Standard Standard logging. In general, only errors are reported.
Verbose For every rejected mail the sender, the subject and the rejection-reason are logged.
Extended In addition to the above, the correspondig dialog option that caused the rejection will be listed. Durations will be shown.
Debug-Mode Only for debugging. Start and end of subroutines and the contents of the mails are logged, too.
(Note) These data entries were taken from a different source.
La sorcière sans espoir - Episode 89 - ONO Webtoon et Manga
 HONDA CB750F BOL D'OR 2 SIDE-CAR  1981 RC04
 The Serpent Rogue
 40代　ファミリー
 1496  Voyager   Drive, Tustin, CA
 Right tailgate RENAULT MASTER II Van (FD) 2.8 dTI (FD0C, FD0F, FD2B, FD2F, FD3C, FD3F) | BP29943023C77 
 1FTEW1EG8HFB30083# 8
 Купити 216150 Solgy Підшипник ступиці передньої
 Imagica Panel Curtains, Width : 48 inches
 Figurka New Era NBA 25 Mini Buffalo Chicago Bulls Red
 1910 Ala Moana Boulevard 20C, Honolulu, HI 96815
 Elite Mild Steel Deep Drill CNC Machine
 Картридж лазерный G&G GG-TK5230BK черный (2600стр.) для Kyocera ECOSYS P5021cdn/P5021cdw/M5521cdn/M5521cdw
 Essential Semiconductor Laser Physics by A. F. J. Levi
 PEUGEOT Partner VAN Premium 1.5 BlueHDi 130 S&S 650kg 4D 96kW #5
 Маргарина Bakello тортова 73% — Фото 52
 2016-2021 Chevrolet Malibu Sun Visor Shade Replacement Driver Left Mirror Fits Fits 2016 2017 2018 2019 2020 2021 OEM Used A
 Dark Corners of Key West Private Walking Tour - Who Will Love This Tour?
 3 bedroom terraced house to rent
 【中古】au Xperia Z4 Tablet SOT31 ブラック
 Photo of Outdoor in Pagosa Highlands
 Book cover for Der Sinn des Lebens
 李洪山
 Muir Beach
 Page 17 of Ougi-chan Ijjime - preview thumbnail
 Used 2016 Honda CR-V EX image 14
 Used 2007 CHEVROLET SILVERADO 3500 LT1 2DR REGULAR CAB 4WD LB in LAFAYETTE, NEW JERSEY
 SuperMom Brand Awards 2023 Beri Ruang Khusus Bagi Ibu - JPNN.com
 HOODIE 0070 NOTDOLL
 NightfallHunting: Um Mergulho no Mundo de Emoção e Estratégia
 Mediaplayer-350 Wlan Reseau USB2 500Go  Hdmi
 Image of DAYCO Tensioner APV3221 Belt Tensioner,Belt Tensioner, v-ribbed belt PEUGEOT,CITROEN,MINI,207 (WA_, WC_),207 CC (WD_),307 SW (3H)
Remove previous log Within this option you define how long previous log entries will be held.



Version history

Version Remarks
1.2.0.0 Added "Gray list".
1.1.0.3 Recognizes more Scripts hidden in CSS.
  Accepts "?xml"-notation of xmlns.
1.0.9.7 Corrected bug in previous version that caused most settings deactivated, regardles of user settings.
1.0.9.6 Improved performance for mails with big attachments.
  Logging-mode "extended" now shows durations.
1.0.9.5 Fixed serious bug that marked all dates as forged if other date separator than "." is defined in local settings.
  Improved recognition of external files (e.g. Images).
  Improved logging details.
1.0.9.4 Fixed small bug concerning message-id headers including comments.
1.0.9.3 Fixed bug showing no filter-reason when logging was deactivated.
1.0.9.1 Improved scan for external images / frames.
  Improved performance of HTML-Scan.
  Now accepts XML name spaces (xmlns, as used e.g. by Office programs) in HTML-Scan.
  Fixed bug that marked given time zones without plus- or minus-sign ("+" "-") as forged date (e.g. "0100").